Rejeitar a ganância de Wall
Street, o poder das gigantescas corporações multinacionais e a influência da
classe dos bilionários globais não é apenas a coisa certa a fazer — é um
imperativo geopolítico estratégico. Pesquisa realizada
pelo Programa de Desenvolvimento das Nações Unidas mostrou que a percepção dos
cidadãos sobre a desigualdade, a corrupção e a exclusão estão entre os
indicadores mais consistentes para definir se as comunidades apoiarão o extremismo
de direita e os grupos violentos. Quando as pessoas sentem que as cartas estão
empilhadas na mesa contra si e não veem caminho para o recurso legítimo,
tornam-se mais propensas a recorrer a soluções prejudiciais a elas próprias e
que apenas exacerbam o problema.
Este é um momento crucial na
história do mundo.
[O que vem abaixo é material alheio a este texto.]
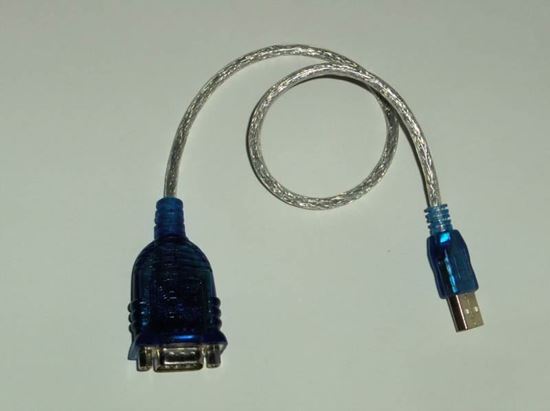 Picture of RS-232 Serial to USB Adapter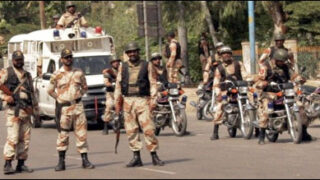 karachi operation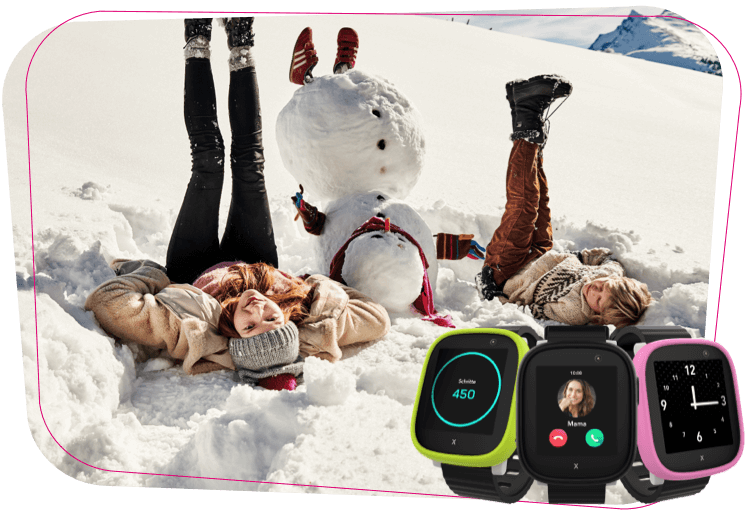 Die Kids Watch für die Sicherheit Ihres Kindes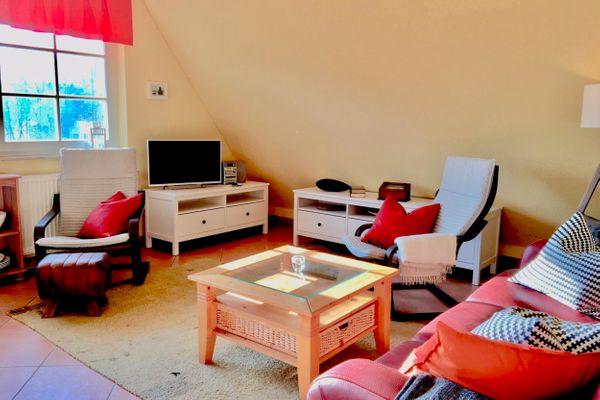  Straminke 4b Wohnung Dünentraum Zingst - Wohnzimmer
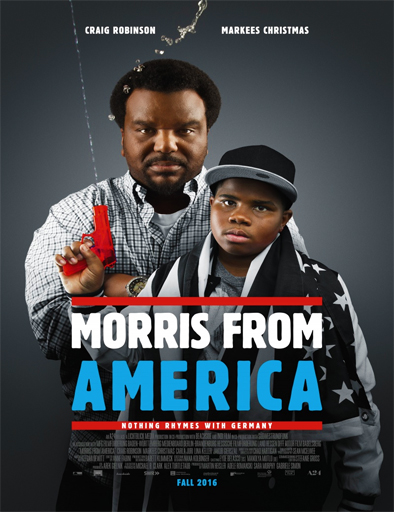 Poster de Morris from America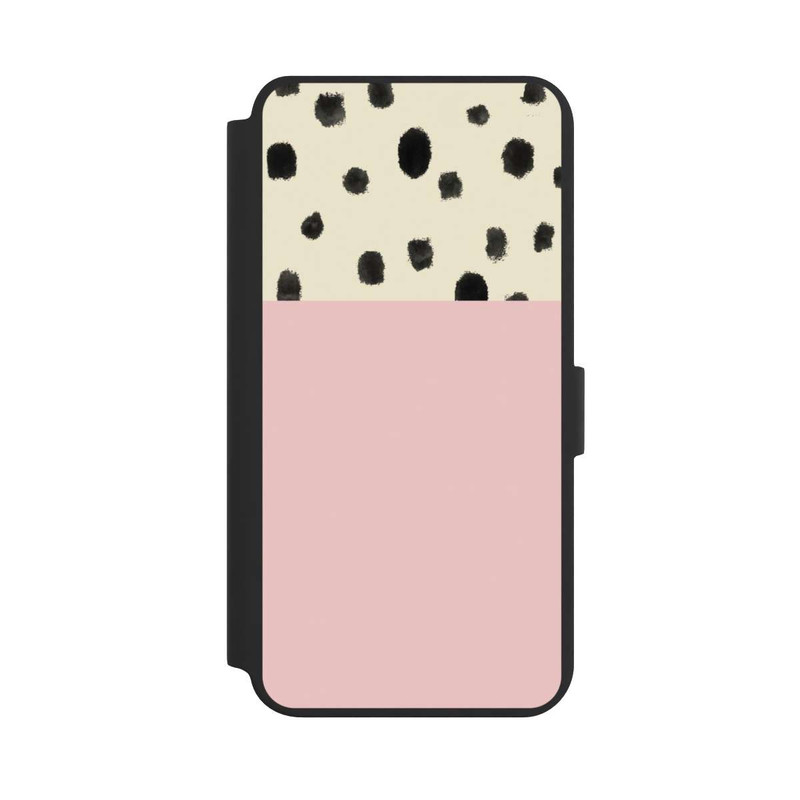 Galaxy S24 + NIVOflip Points et rose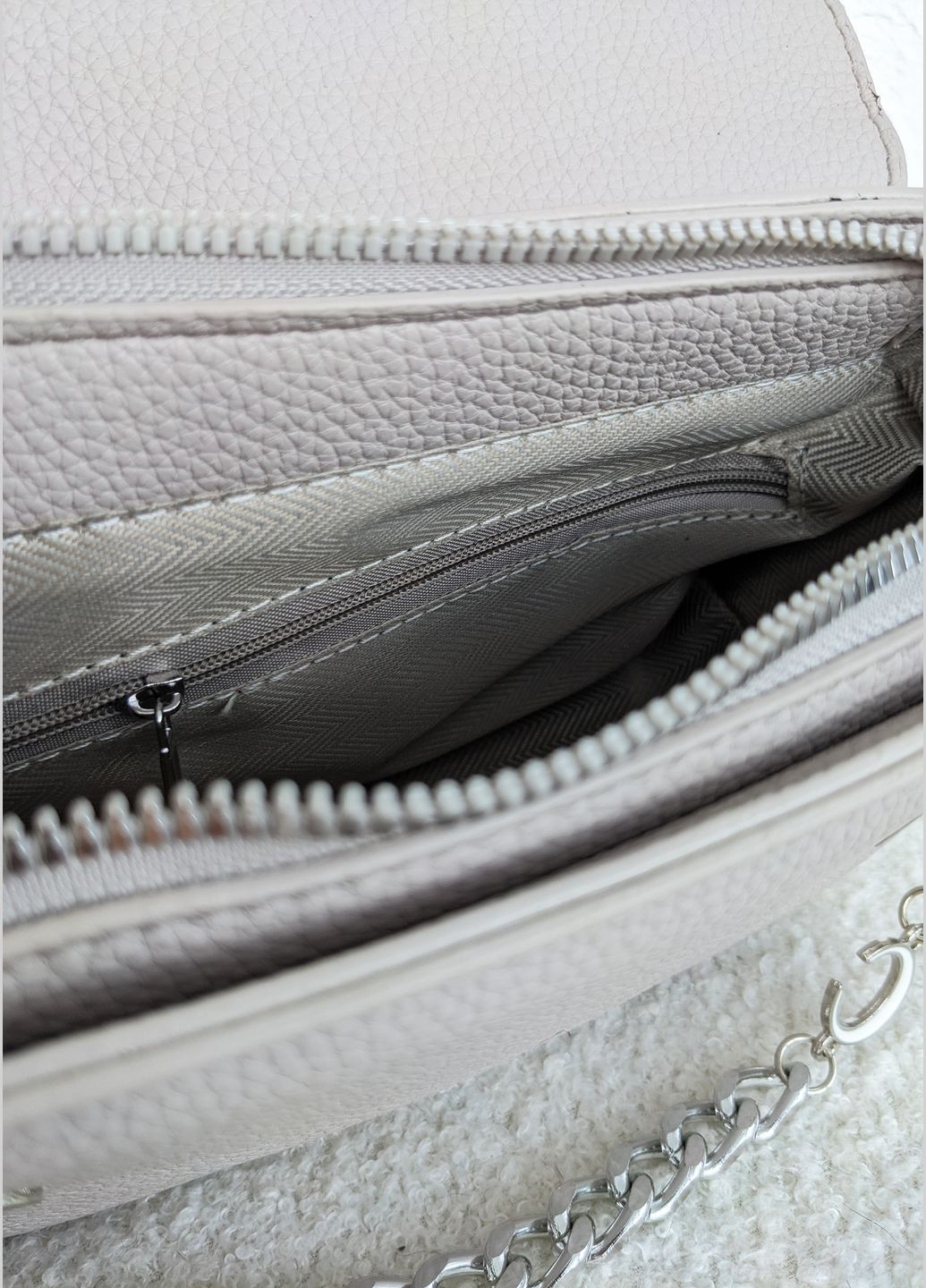 Маленька компактна сумка з екошкіри з підвіскою InFashion Сумка (334013134)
Com a explosão da tecnologia avançada e os novos paradigmas
que ela permitiu, agora temos a capacidade de aumentar substancialmente a
riqueza global de forma justa. Os meios estão à disposição para eliminar a
pobreza, aumentar a expectativa de vida e criar um sistema de energia global
barato e não poluente.
Isto é o que podemos fazer se
tivermos a coragem de nos unir e confrontar os poderosos que querem cada vez
mais para si mesmos. Isto é o que devemos fazer pelo bem de nossos filhos,
netos e o futuro do nosso planeta.
* Bernie Sanders - Senador nos
EUA pelo Estado de Vermont. Filiado ao Partido Democrata desde 2015, foi o
político independente com mais tempo de mandato na história do Congresso dos
Estados Unidos. Concorreu às eleições primárias que definiram o candidato
democrata à presidência dos Estados Unidos no pleito de 2016, sendo derrotado
por Hillary Clinton -sua plataforma de inspiração socialista foi a grande
novidade que quase derrotou a máquina partidária democrata.